I kinda have an idea how you can scale the backend service of a ticketing system but I'm still stuck on the seating choice locking.

As some Twitter users have highlighted in the thread, it's not as simple as infinitely scaling the backend service using serverless functions or Kubernetes. The bottleneck usually lies on the DB tier.

Let's review the scenario:

An announcement was made that users can start buying ticket at 10AM. Before reaching 10AM, a bunch of users already ready with their devices (most use more than one for higher probability of getting the ticket). Once the clock reached 10AM, they'll start accessing the link to buy the ticket (some may started spamming the link before 10AM). (Reminds me of DDoS).

Requirement: one seat can only be purchased by exactly one user. To simplify my analysis, one user can only buy maximum 1 seat/ticket.

Waiting Room Queue

Based on the tweets that I saw, the ticketing vendor implemented a waiting room queue before you can enter the seat selection page. User @zulhhandyplast suggested they use Cloudflare product, Waiting Room, instead of rolling out your own waiting room implementation. How does a waiting room works? Here's a snippet from the Cloudflare Waiting room landing page:

Cloudflare Waiting Room allows organizations to route excess users to a custom-branded waiting room, helping preserve customer experience and protect origin servers from being overwhelmed with requests.
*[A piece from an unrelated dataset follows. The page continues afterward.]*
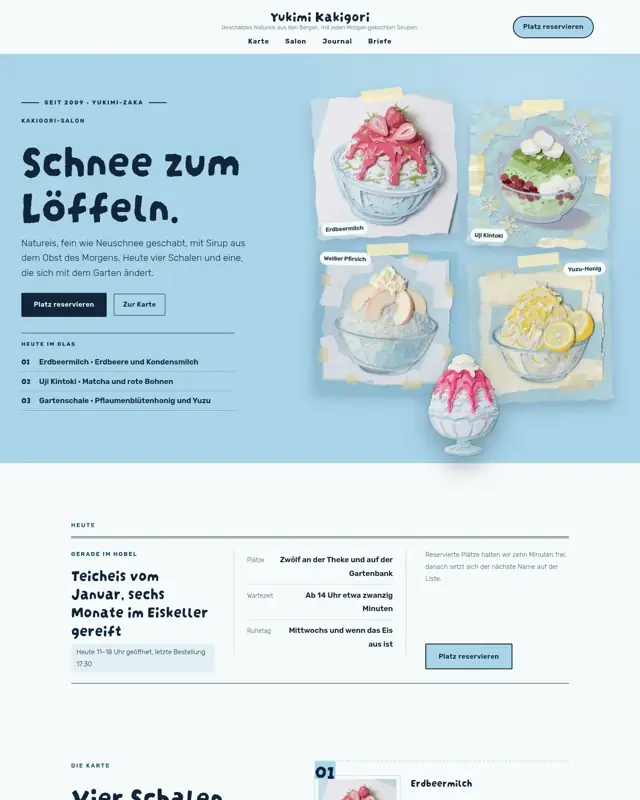 Startseite des Themes Yukimi Kakigori, ein Design für die Branche Kakigori-Salon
"...protect origin servers from being overwhelmed with requests." I think this is the most important part, which leads to improved reliability and consequently, user happiness.

Implementing a waiting room yourself seems quite hard. Will be nice if I can revisit this in the future and write more about this.

How does a waiting room queue works?

From the whitepaper:

The Cloudflare Waiting Room limits the number of users allowed in the application while placing excess traffic into a virtual queue to provide a smoother, more predictable user experience.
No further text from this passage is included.